The avalanche danger for the Front Range zone is CONSIDERABLE (Level 3) near and above treeline and MODERATE (Level 2) below.
New snow reports ranged from 1 to 3 inches during the past 24 hours. Storm snow from the past week, which amounted to a foot or more in many locations, fell onto a variety of weak surface snow layers, including basal facets and numerous buried facet/crust combinations. On Wednesday and Thursday there were natural and human triggered avalanches reported from the Berthoud Pass and Loveland Pass areas. Most of these broke at the base of the new snow, but with fresh slabs 1 to 2 feet thick, these slides are big enough to hurt you. Persistent Slabs are the primary avalanche problem on Saturday. Areas of greatest concern are aspects facing northwest through north to east, near and above treeline, where there are deeper buried weak layers. If you trigger a slide into one of these old snow layers or weak snow near the ground, the result will be a large and dangerous avalanche.
Sub-zero alpine temperatures and light snow are expected on Sunday. Additional snowfall accumulations are not expected to be enough to change avalanche conditions. Pay attention to changing weather conditions and local storm snow amounts. You should avoid steep avalanche terrain if you find signs of instability, such as recent slide activity, collapsing snow, or cracks that propagate through the snowpack.

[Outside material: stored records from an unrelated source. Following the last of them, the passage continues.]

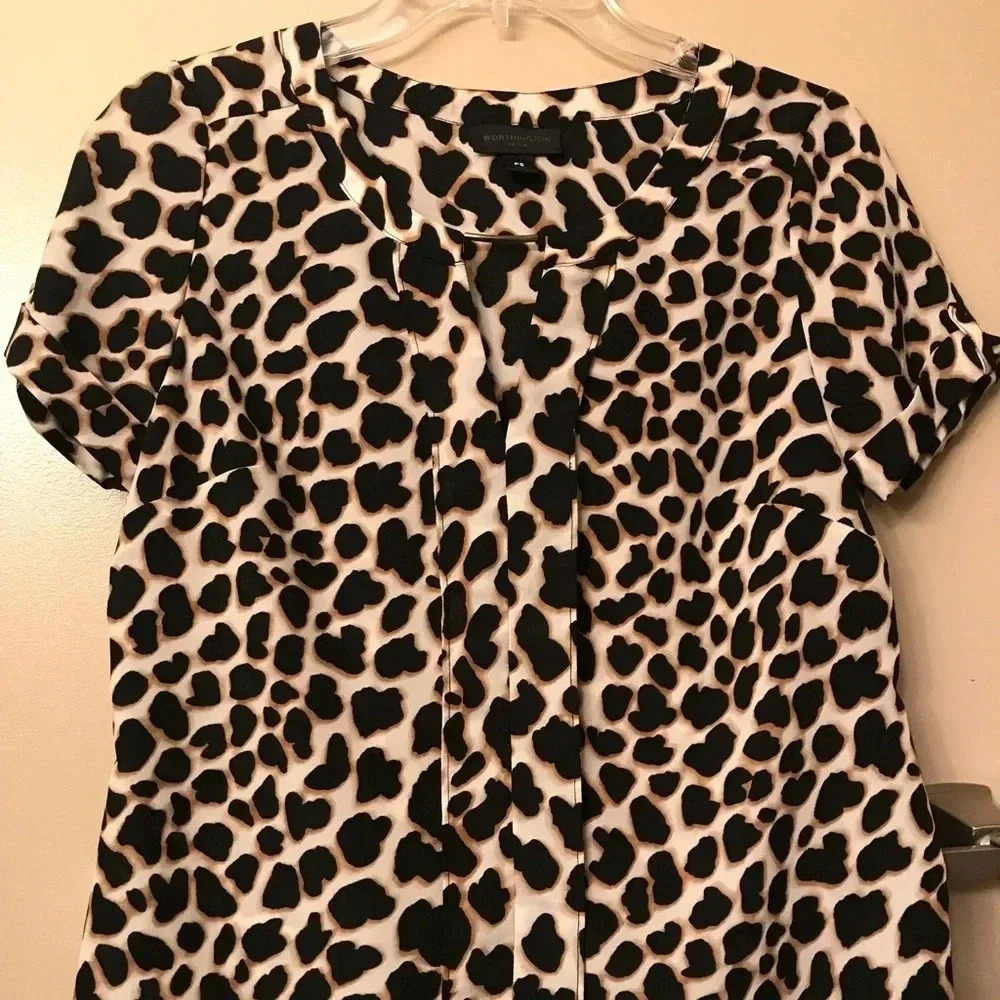 Worthington Women’s  Small Cheetah print blouse‎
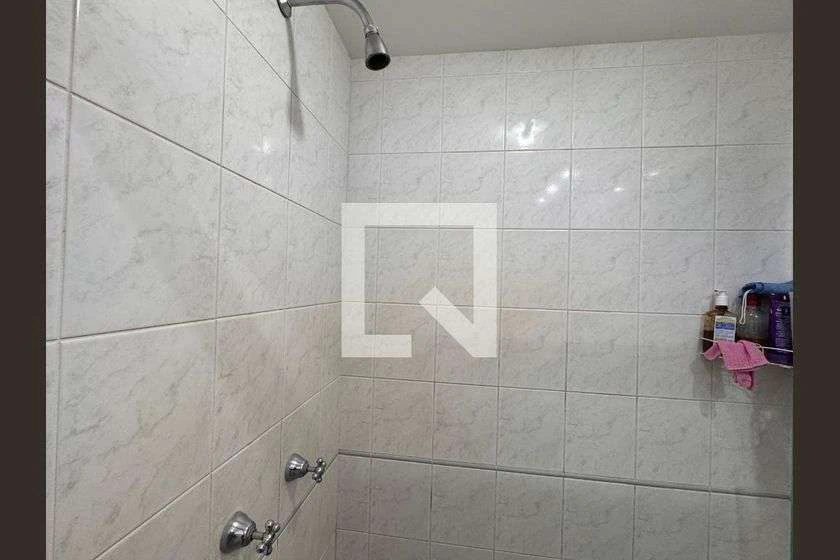 Apartamento de 4 dormitorios de 105 m² y 2 plazas — photo 10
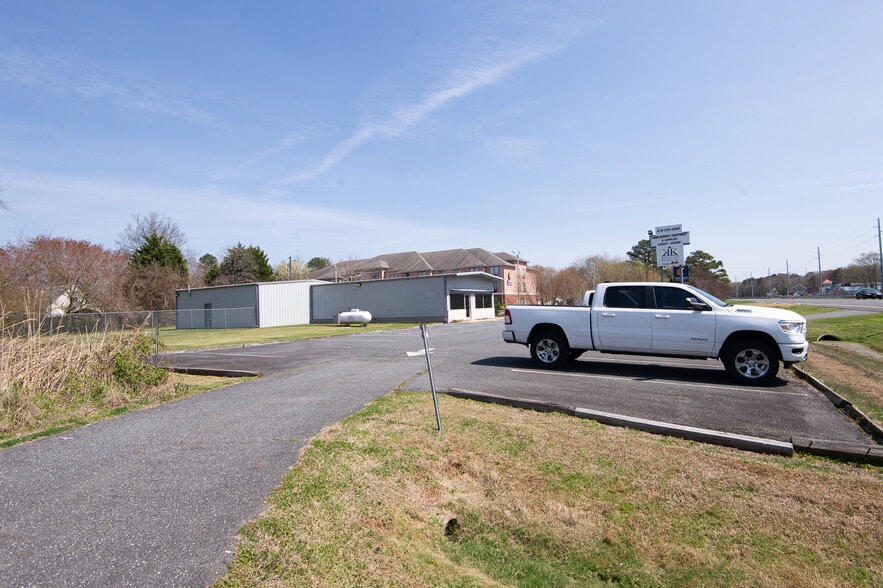 More Photos Of 2934 Ocean Gtwy, Cambridge Freestanding For Sale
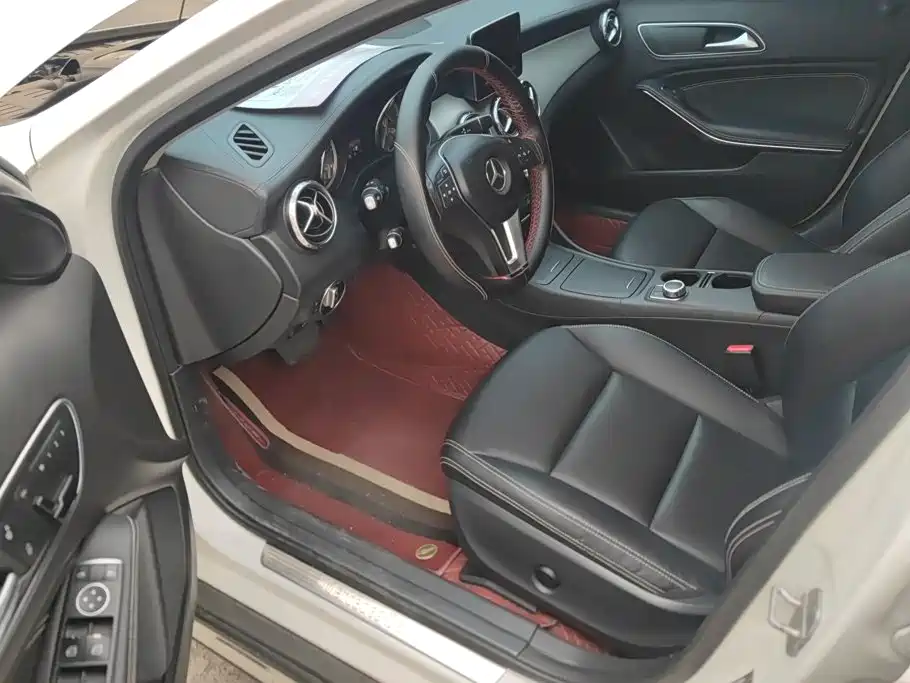 Mercedes-Benz GLA — миниатюра 9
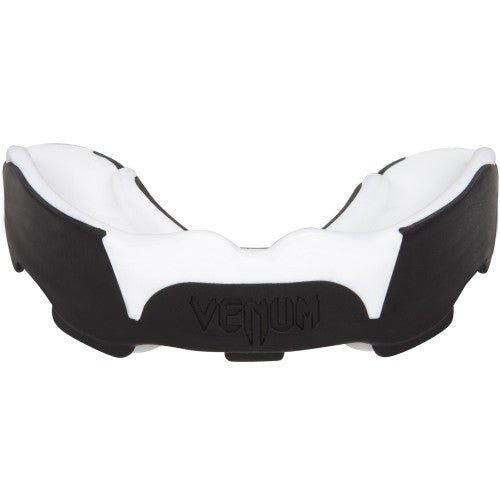 Mundschutz Venum Predator - weiß/schwarz, VENUM-0621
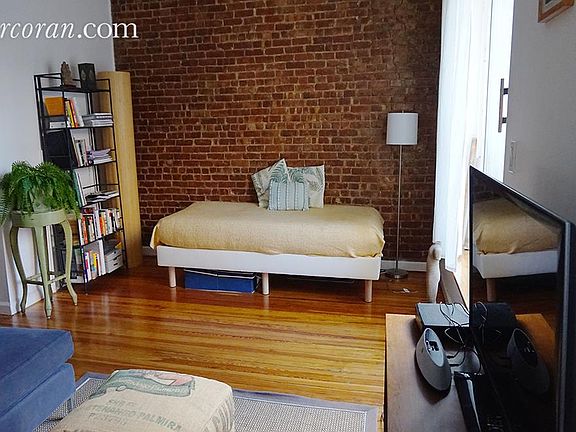 4th image of 309 W 100th St APT 5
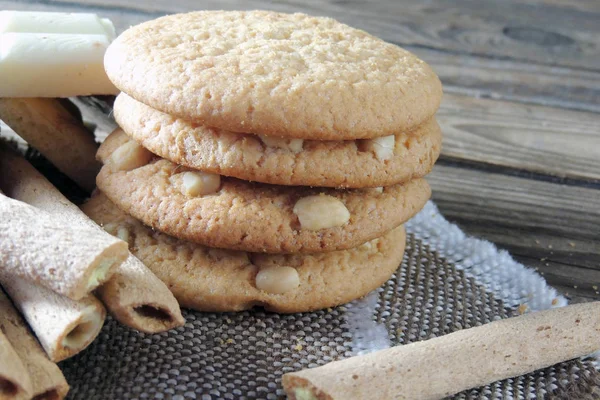 Ahşap üzerine çift çikolatalı kurabiye. kurabiye ve tatlı tüpler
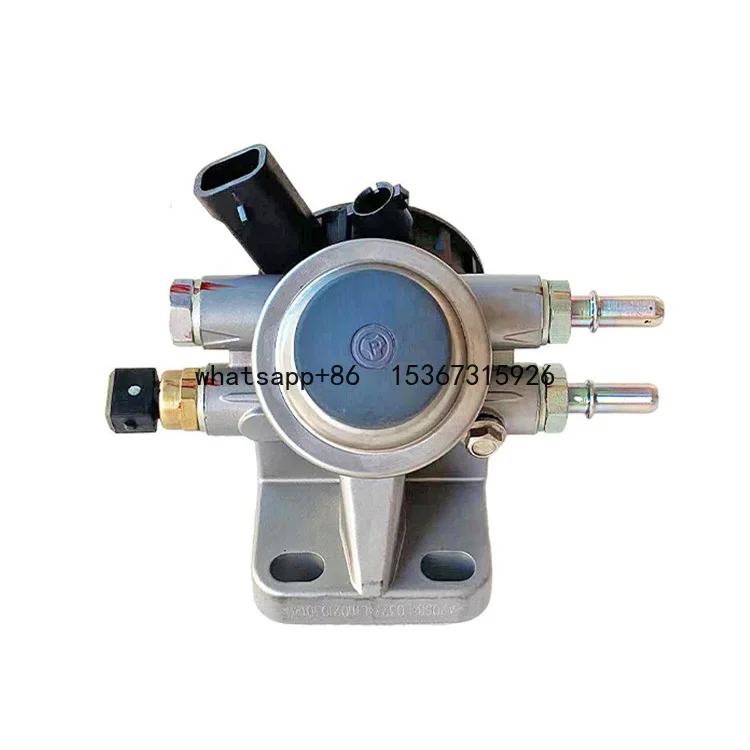 

Foton Aoling CTXCTS Omar S3 Original Hand Oil Pump Assembly with Oil-Water Separator Truck Parts Essential Component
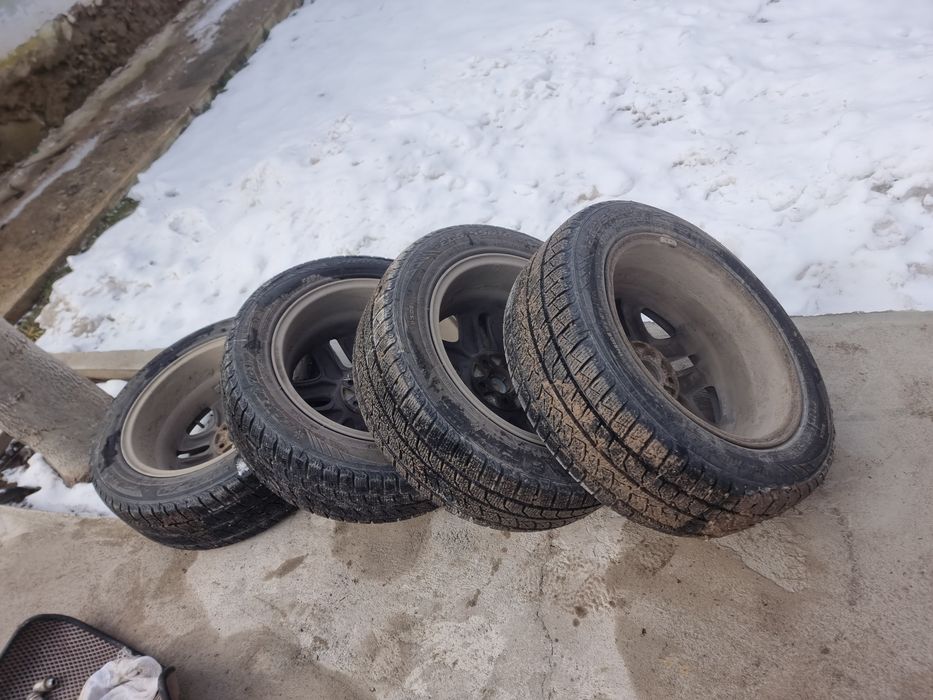 Продам диски с резиной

A cold trough of low pressure with embedded moisture continues to affect Colorado on Sunday. Strong south to southwest winds over the southwest zones are expected to slowly subside this morning. Winds gradually shift toward west through the day. Temperatures hold steady at morning readings or even drop a few degrees. Periods of light snow continue through the morning and gradually diminish this afternoon. Accumulations will be limited in the arctic airmass. Widespread double-digit sub-zero temperatures are likely Sunday night. The trough axis moves across Colorado on Monday resulting in continued very cold temperatures, winds shifting to northwest, and a period of clouds/flurries favoring the northern zones. Temperatures finally start to moderate on Tuesday, although the northern zones could see an increase in afternoon clouds and a period of light evening snow in northwest flow. High pressure gradually strengthens for the remainder of the work week with a return to seasonable temperatures. No precipitation is expected until late Friday.